Despite all the progress and safety improvements from electronic ordering and clinical decision support, researchers continue to find hazards to patient safety associated with the introduction of these systems. Now a task force of experts and health IT safety stakeholders convened by the Office of the National Coordinator for Health Information Technology has crafted a roadmap to guide the development of a proposed national Health IT Safety Center.

In 2014, the Federal Communications Commission (FCC) issued a report that proposed a strategy for a risk-based regulatory framework for health IT. The draft FDASIA report identified the potential creation of a Health IT Safety Center as a key non-regulatory component of an effective risk-based framework for health IT.

The task force, convened by RTI International at ONC’s request, determined that the center should improve identification and sharing of information on health IT-related safety events and hazards. It also supported strengthening and augmenting existing ways to identify and classify health IT-related safety events.

The roadmap envisions the federal government providing seed funding of between $17.8 million and $20.6 million for the first five years of operations, after which the organization would work on developing sustainable funding models.

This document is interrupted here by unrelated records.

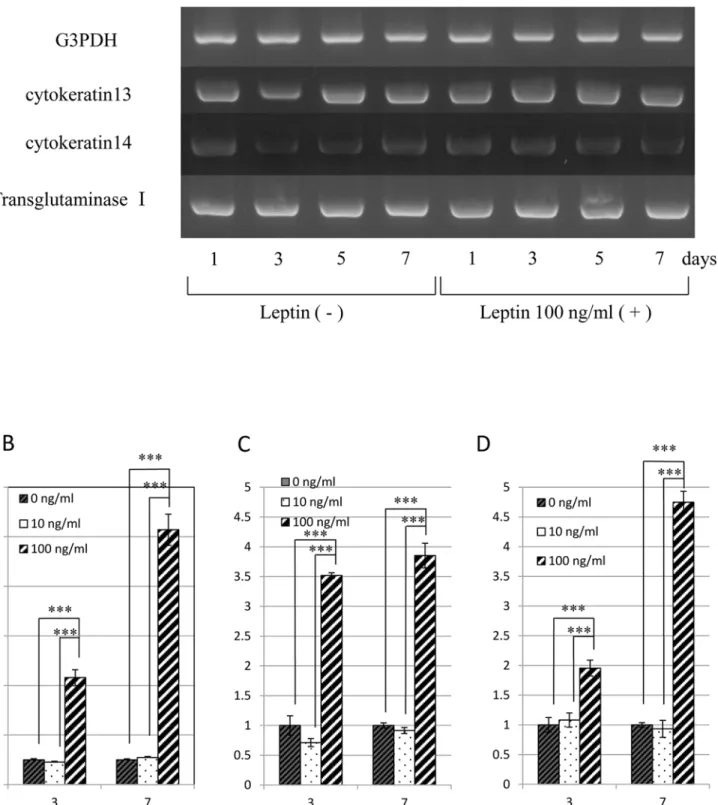 Fig 5. Effect of leptin on the expression of mRNA encoding G3PDH and Cytokeratin 13, Cytokeratin 14 and Transglutaminase I in human epidermal keratinocytes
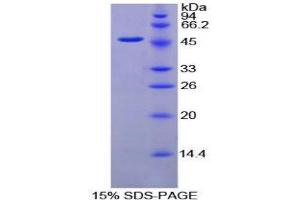 SDS-PAGE (SDS) image for Fibrinogen gamma Chain (FGG) (AA 27-435) protein (His tag) (ABIN1079532) (FGG Protein (AA 27-435) (His tag))
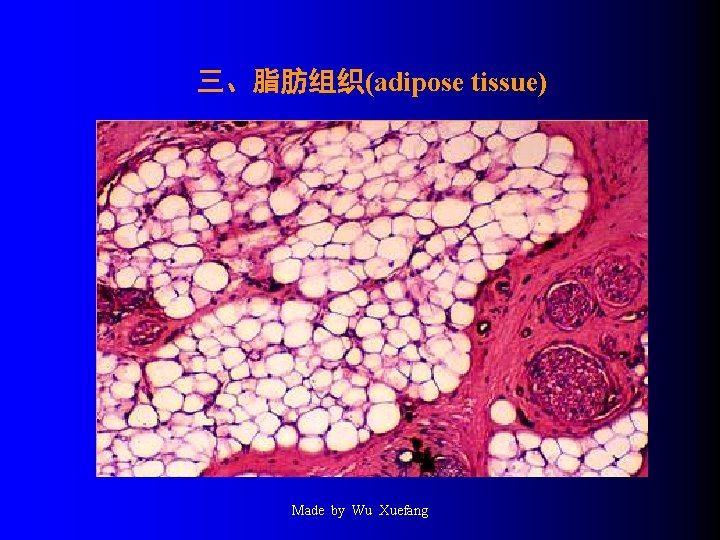 三、脂肪组织(adipose tissue) Made by Wu Xuefang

Task force members advocated that the center identify ways to encourage better reporting of health IT-related events by improved training, easier reporting mechanisms that are better integrated into workflows, and reduction of other barriers to reporting.

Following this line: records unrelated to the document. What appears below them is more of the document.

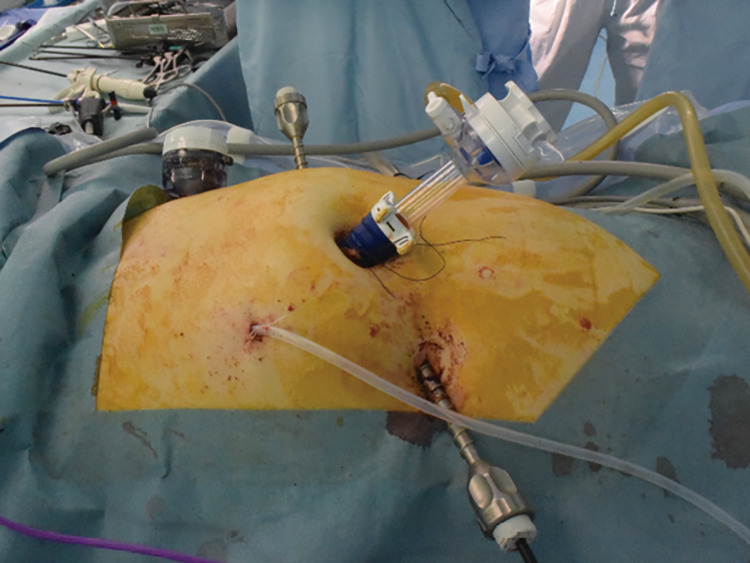 下部消化管疾患に対する積極的な腹腔鏡治療 | 病気と治療の検索サイト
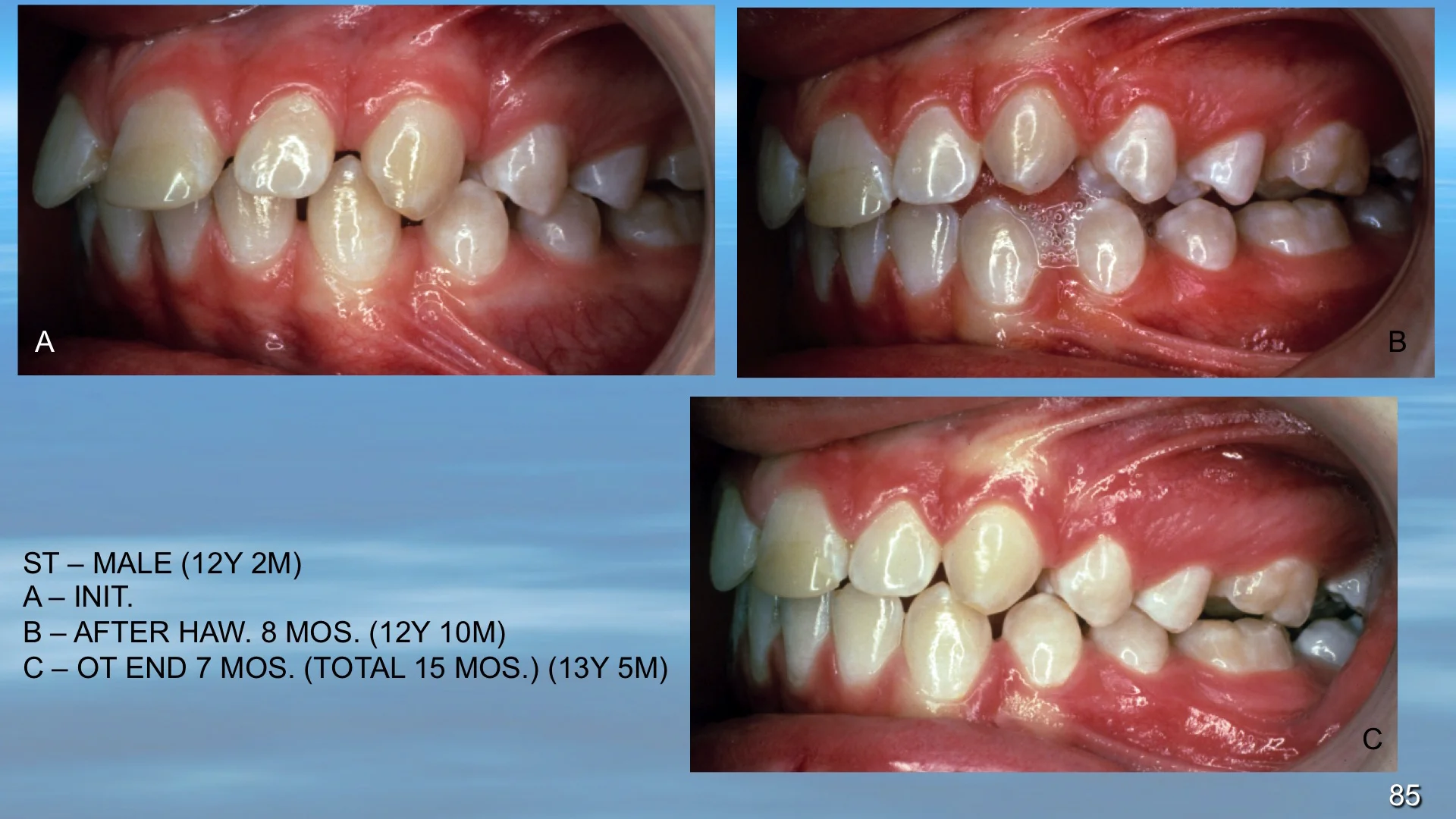 Disc 2 Og, Segment 1 - Spacing And Cross Bite, Diastema, Hawley 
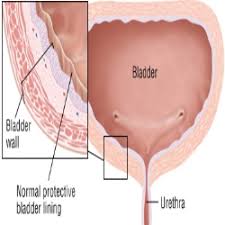 http://ginekologi.org/cystitis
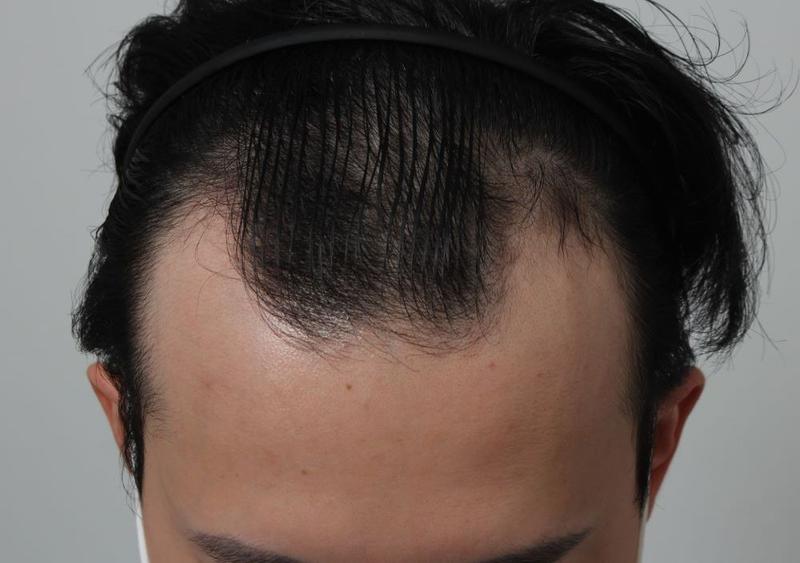 20代半ばで釜山ポヘアで非切開毛髪移植を受けました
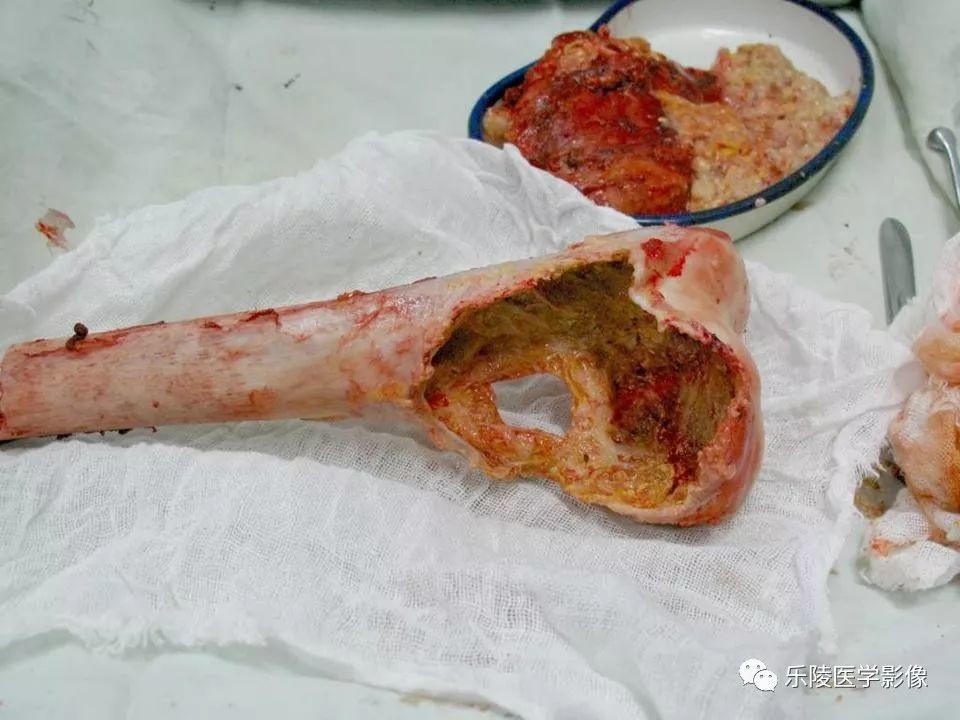 骨肿瘤及肿瘤样病变影像诊断分析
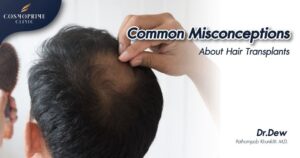 Common Misconceptions About Hair Transplants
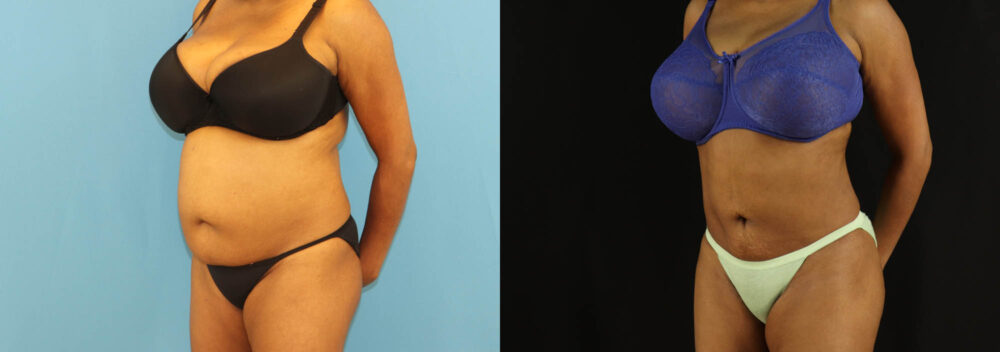 Liposuction case #6014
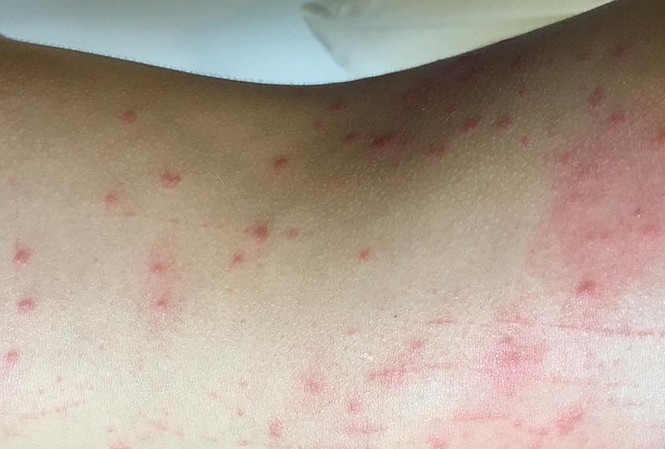 Nhiều người bị ngứa, nổi mẩn đỏ khi tắm biển Đà Nẵng Sau khi tắm biển về, nhiều người bị ngứa, nổi mẩn. Ảnh: Đ.N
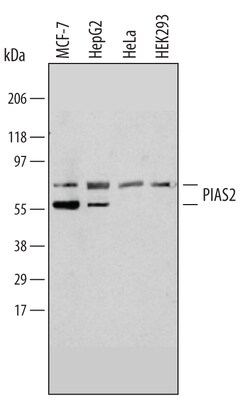 Human PIAS2 Antibody, R D Systems 100&mu;g; Unlabeled:Antibodies, Polyclonal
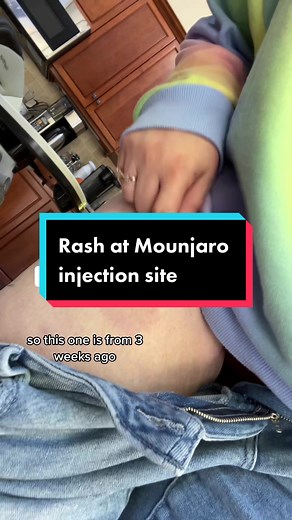 Dealing with Mounjaro Injection Site Reactions: My Journey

They also stressed the need for the industry to consider tools that allow for automated detection, identification, and reporting of safety issues. Recognized methods include “trigger tools” run on information in electronic health records to identify adverse events and EHR computerized point of entry (CPOE) evaluation tools or “flight simulators” also run on EHRs to improve detection of potential adverse events.

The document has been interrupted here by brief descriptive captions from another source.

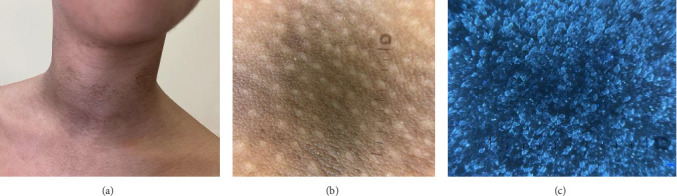 Terra Firma-Forme Dermatosis: Clinical Insights, Dermoscopic and Ultraviolet-Induced Fluorescence Dermoscopy Findings-A Case Report and Literature Review.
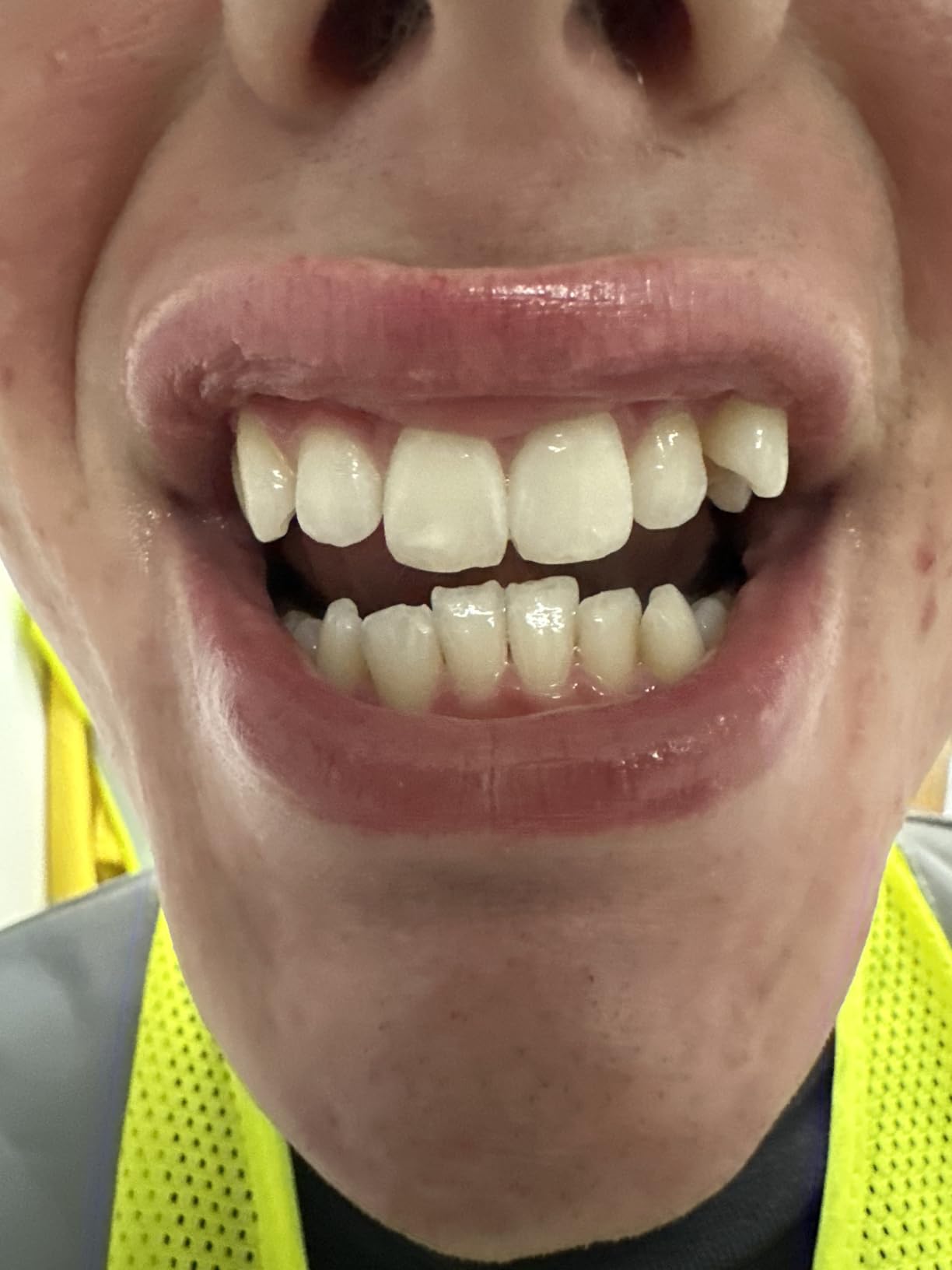 GuruNanda Teeth Whitening Strips - 7-Day Treatment with Non-Slip, Dry Strip Technology - Whitening Designed with Care for a Brighter Smile customer photo 2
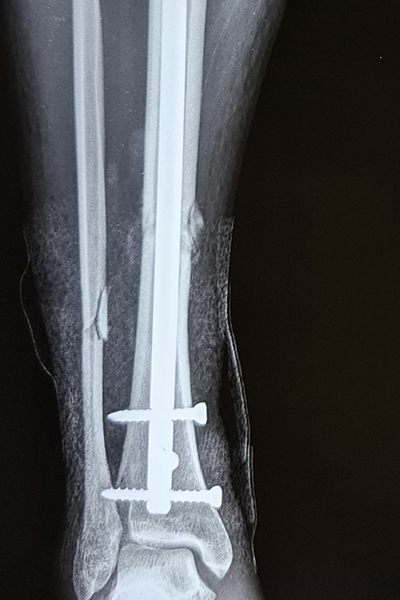 After X-ray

Their idea is that the center would be a trusted, learning, non-punitive environment. Center stakeholders may choose to share analysis of data, examples of safety risks and adverse events, solutions, and resources—always in accordance with privacy, confidentiality, nondisclosure, and intellectual property obligations and laws.

The task force also stressed that the Health IT Safety Center:

• Will not engage in direct investigation or surveillance.

• Will not include operating or funding the operations of a patient safety organization.

• Will not include direct data collection.

• Will not include performing functions of federal advisory committees

• Will not include activities that are exclusively the responsibility of federal entities, and, therefore, cannot be delegated to outside parties, such as the exercise of regulatory authority, establishing government programs, and decision making related to federal budget expenditures and priorities.

Task force members thought that the Center should serve as a clearinghouse for health IT safety educational resources by maintaining a central Web-based directory that is well organized and searchable, frequently updated and open to the public.